What is wrong with me! bipolar?!
Mum has bipolar as well as schizophrenia. Mum has noticed my rapid moods wings, eating habits, the way I act and ability to function since I was literally 8. When every my mood would change my brother would say are you bipolar or something? And it got me thinking.
I have times where I will yell at people who talk to me when I'm upset or angry, I never eat properly, I change the way I see myself; like one minute I may think in beautiful and skinny, perfect really. Other times I think I'm ugly and I need to loose weight when really I'm just currently underweight. I have delayed reactions like when I was told my pa died I was fine for 10 minutes then bam! I was crying. I have tried to kill myself once but thought of it a thousand times but then I have times where I laugh at anything!
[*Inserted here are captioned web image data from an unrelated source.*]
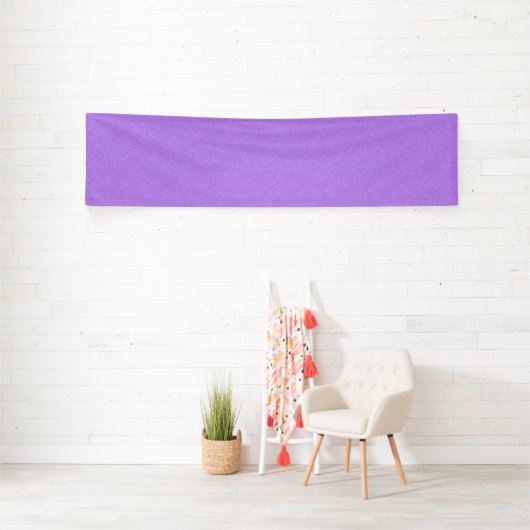 Purple textured surface with swirling pattern spandoek (Insitu)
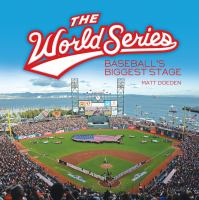 the_World_Series___Baseball_s_biggest_stage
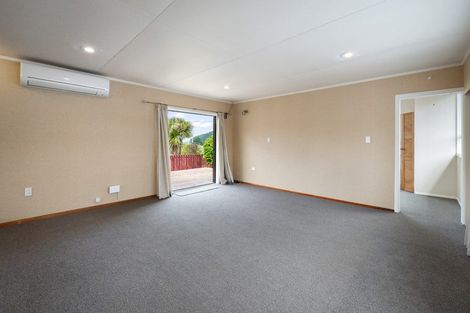 Photo of property in 25 Waitete Road, Waihi, 3610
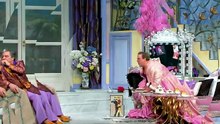 La Cage aux folles Bande-annonce (FR)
Like literally! My attention span is literally of a goldfish!! Sometimes I have increased thought at a billion miles an hour and basically can't shut up! This sounds weird but sometimes I feel as if I'm in a dream, it's so weird! I get paranoid sometimes I feel as if I'm being watched or followed when walking down the street. I argue with whoever gets in my way. I ustoo be a very shy girl now I don't care I'm loud and prepared to lash out! I have times where I feel better then anyone and times where I feel like I don't exist.
This is gonna go on forever, so any advice?